4.4 Overburden fracture characteristics and evolution law of the water-conducting fracture zone

When the working face advances from the cutting hole to 20 m, the overburden fracture characteristics are as shown in Figure 9A. Owing to the influence of mining, the immediate top starts to develop separation fractures. When the working face advances to 25 m (see Figure 9B), the as separation fractures of the direct roof become more obvious, and the initial overall collapse of the direct roof occurs along the coal wall, and the fractures do not appear obviously in the overburden of the direct roof.

Figure 9

Figure 9. Overburden fracture characteristics at different advancements. (A) The working face is advanced to 20 m. (B) The working face is advanced to 25 m. (C) The working face is advanced to 40 m. (D) The working face is advanced to 56 m. (E) The working face is advanced to 70 m. (F) The working face is advanced to 86 m. (G) The working face is advanced to 104 m. (H) The working face is advanced to 119 m. (I) The working face is advanced to 133 m. (J) The working face is advanced to 148 m. (K) The working face is advanced to 162 m. (L) The working face is advanced to 176 m. (M) The working face is advanced to 190 m.

When the working face advances from 25 to 40 m, the first pressure occurs at the working face, and the overburden fracture characteristics are as shown in Figure 9C. The stratification cracks and longitudinal cracks develop rapidly upward, and the old roof caves successively. The caving of the old top rock strata in the coal wall overhangs by approximately 2 m, and the goaf is not sufficiently compacted. When the working face advances from 40 to 56 m, the first cycle of pressure occurs with the step distance of 16 m, and the fracture characteristics of the overlying rock are as shown in Figure 9D. At this time, the caving block of the overlying rock is relatively broken, while a new obvious separation layer appears in the overlying rock 26 m above the coal seam and longitudinal cracks develop upward slowly at the cutting hole and working face.

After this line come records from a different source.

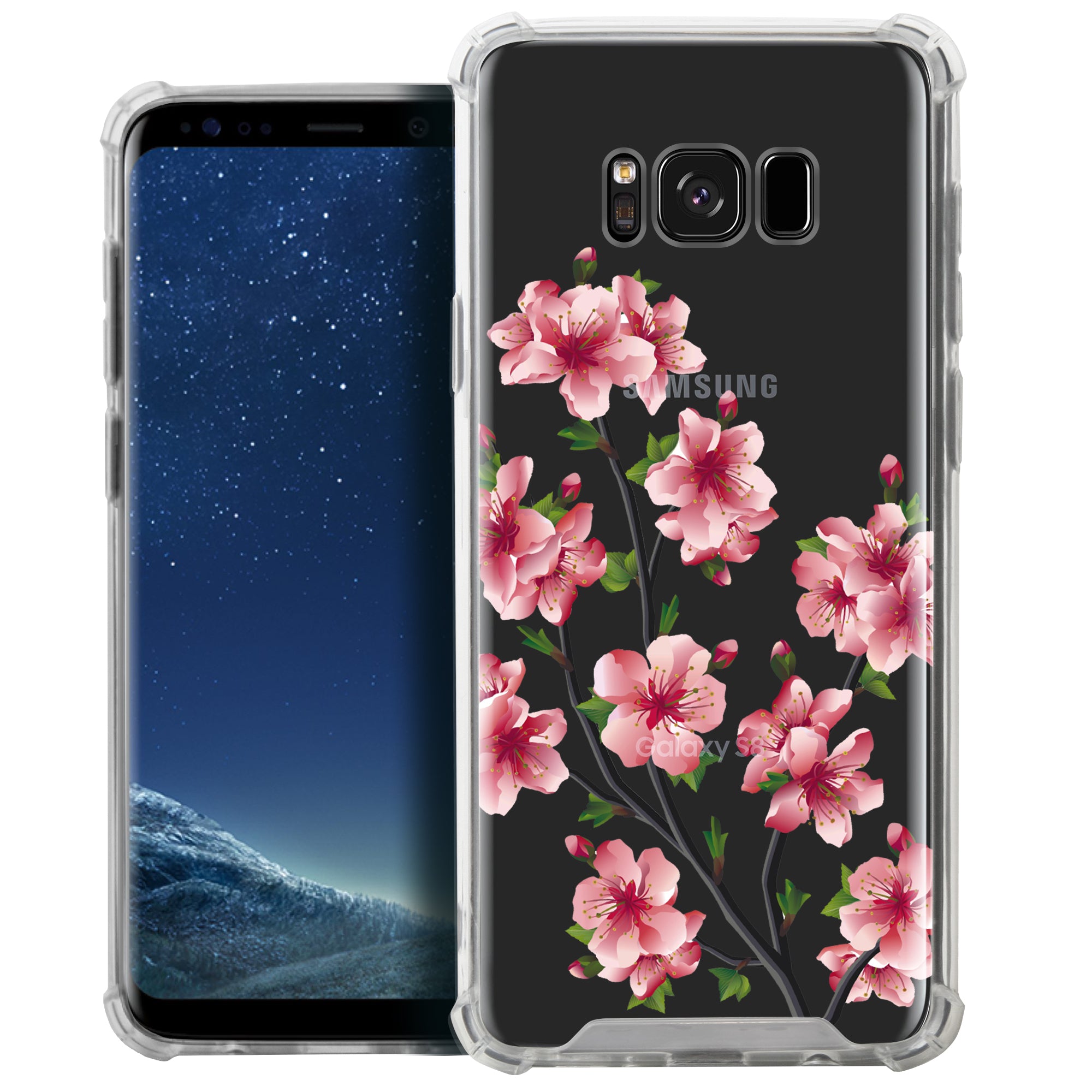 For (Samsung Galaxy S8) Slim Tough Clear Shock Bumper TPU Case SET12 - Picture 27 of 141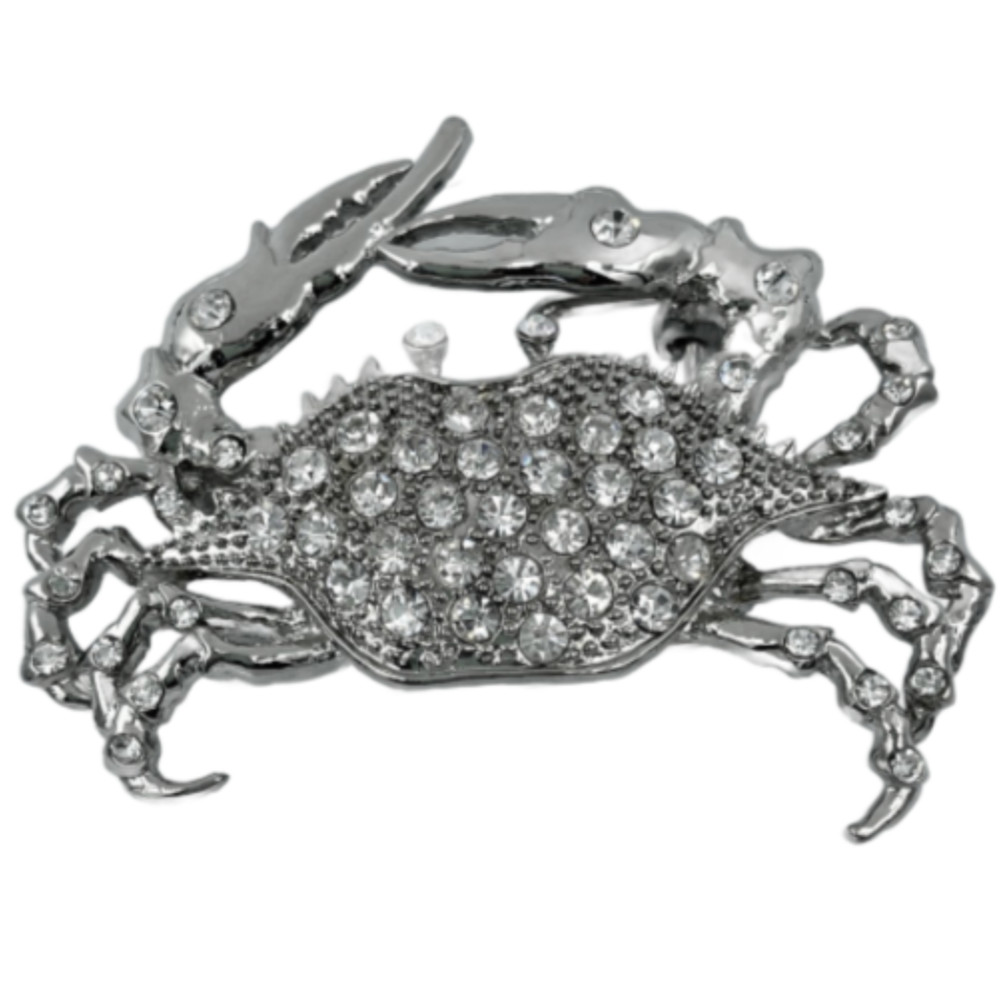 Rhinestone Crab Nautical Ocean Fish Belt Buckle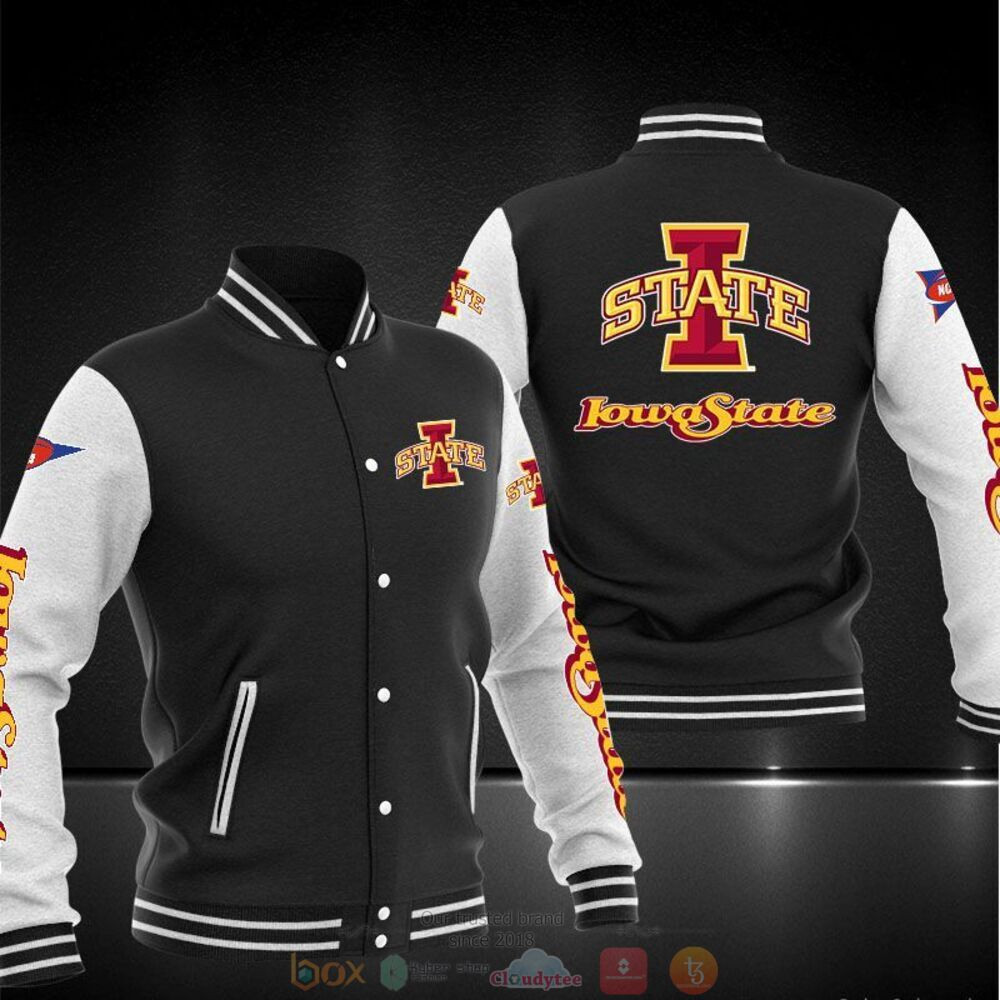 Iowa State Cyclones Black Baseball Jacket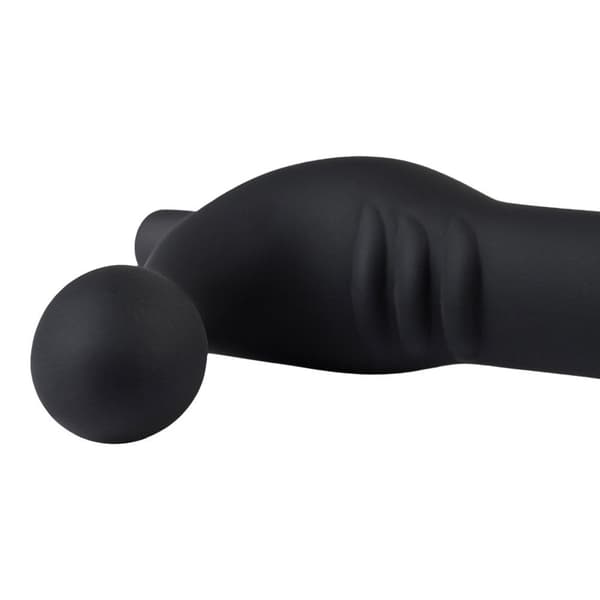 Axus Lite Dobbelt Strap On med vibration – Perfekt til parleg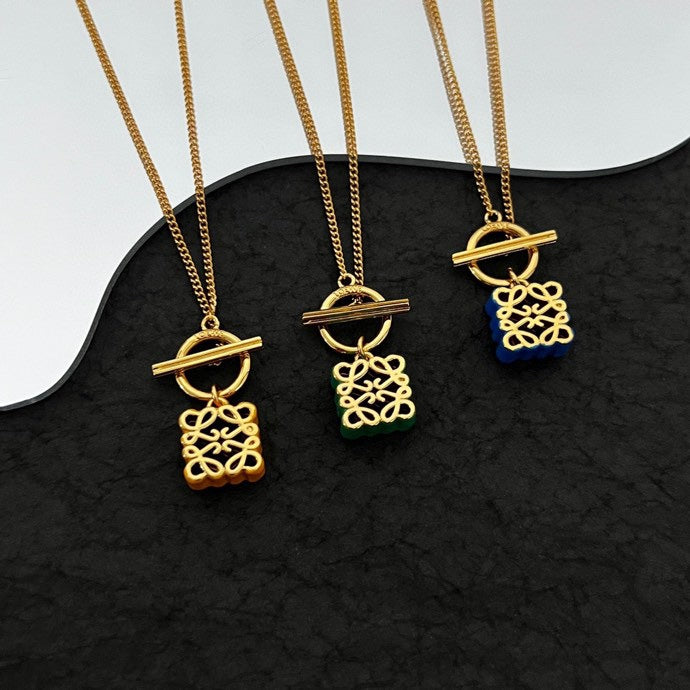LOEWE Anagram Pendant Necklace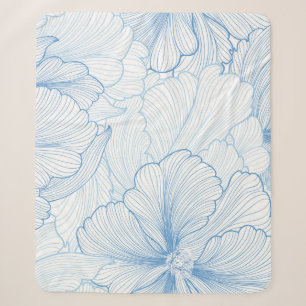 Floral seamless background. pattern with beautiful sherpa blanket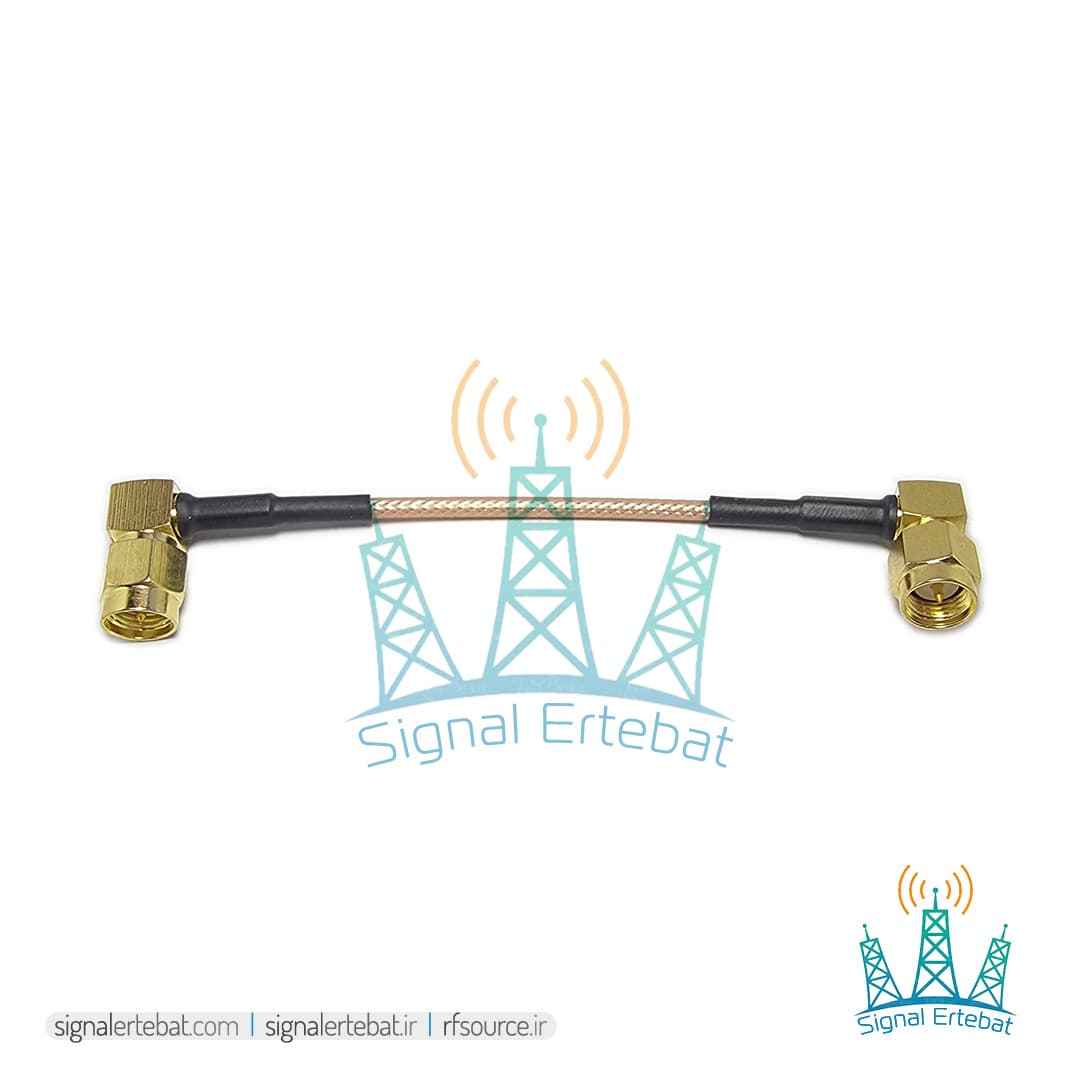 کابل پیگتیل RG316 با کانکتورهای SMA نری نود درجه — تصویر ۲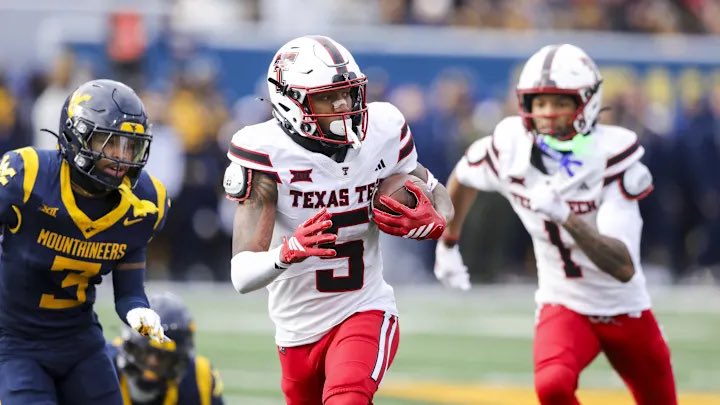 BREAKING🚨 With the 75th pick in the NFL draft, the Miami Dolphins have  selected Caleb Douglas WR from Texas Tech‼️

When advancing from 56 to 70 m, the second pressure cycle occurs with the step distance of 14 m, and the fracture characteristics of the overlying rock are shown in Figure 9E. At this time, the original goaf is filled with caving blocks and begins to be compressed by the subsidence of the overlying rock. At the same time, a new obvious separation of the overlying rock appears 38.5 m above the coal seam, and the development height of the water-conducting fracture zone is approximately 42.2 m. When the working face advances from 70 to 86 m, a third cycle of pressure occurs with the step distance of 16 m, and the fracture characteristics of the overlying rock are as shown in Figure 9F. The overlying rock separation is more obvious 38.5 m above the coal seam, and the roof separation of the overlying rock is more obvious. Moreover, there are obvious longitudinal cracks at the cutting hole and working face, and the development height of the water-conducting fracture zone is approximately 46 m.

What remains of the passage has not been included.